Believe me, I wish this horse was dead. Take a few of many, many such statistics in a grossly underreported set of crimes: the National Intimate Partner and Sexual Violence Survey recently found that 13.1 percent of lesbians, 46.1 percent of bisexual women, and 17.4 percent of heterosexual women have been raped, physically assaulted, or stalked. According to RAINN (Rape, Abuse & Incest National Network), an American is sexually assaulted every sixty-eight seconds, and one in six women the victim of rape or attempted rape. TGQN (transgender, genderqueer, nonconforming) students are more often sexually assaulted than non-TGQN students. Indigenous Americans are twice as likely to experience a sexual assault as an American of any other race.
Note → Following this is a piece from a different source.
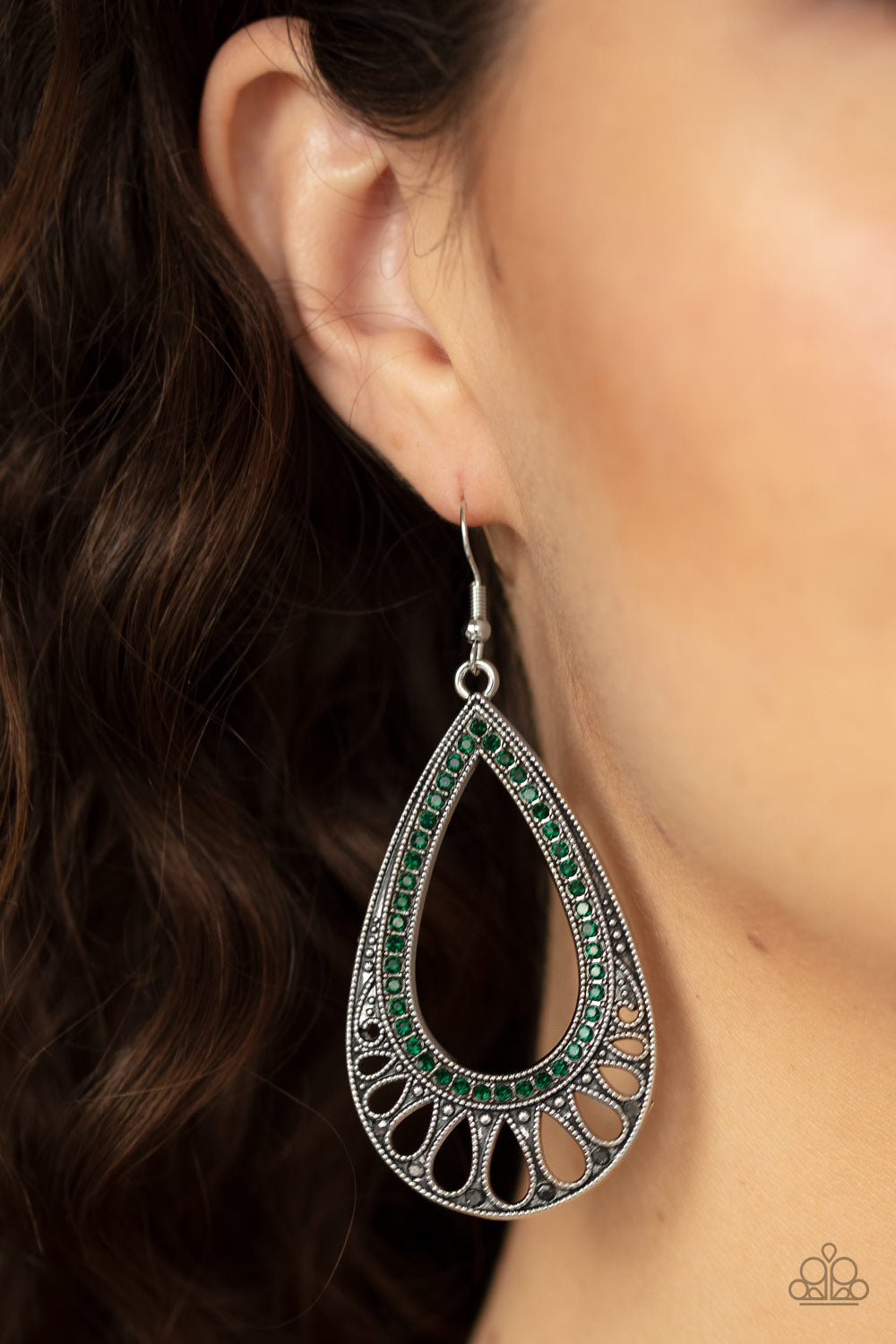 Royal Finesse - green - Paparazzi earrings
Just as the justice system was not designed to protect or enact justice for all (and often was designed to protect those with the most power from their harms against those with less), the values of literary publishing were not designed to support or promote all stories. This has been shifting in recent years, but I have learned not to overestimate the speed of institutional change. A little bit after a long time of nothing can be easy to mistake for more than it is. Still, the dominant culture tells us that we shouldn’t write about our wounds and their healing because people are fatigued by stories about trauma? No. We have been discouraged from writing about it because it makes people uncomfortable. Because a patriarchal society wants its victims to be silent. Because shame is an effective method of silencing.
I used to scoff at memoirs and I was embarrassed to admit that I had started writing one. It was a serious book, I insisted regularly, not only concerned with my experience but with ideas. Now, this practice strikes me as similar to how, as a lifelong feminist who prefers sex and partnerships with women, I have been insisting for my entire life that I’m not an angry man-hating lesbian. That I hate the systems, not the people. Of course I do not hate every man. The very fact that I, and so many women, are compelled to incessantly reassure them of this is more evidence of our continued oppression.”]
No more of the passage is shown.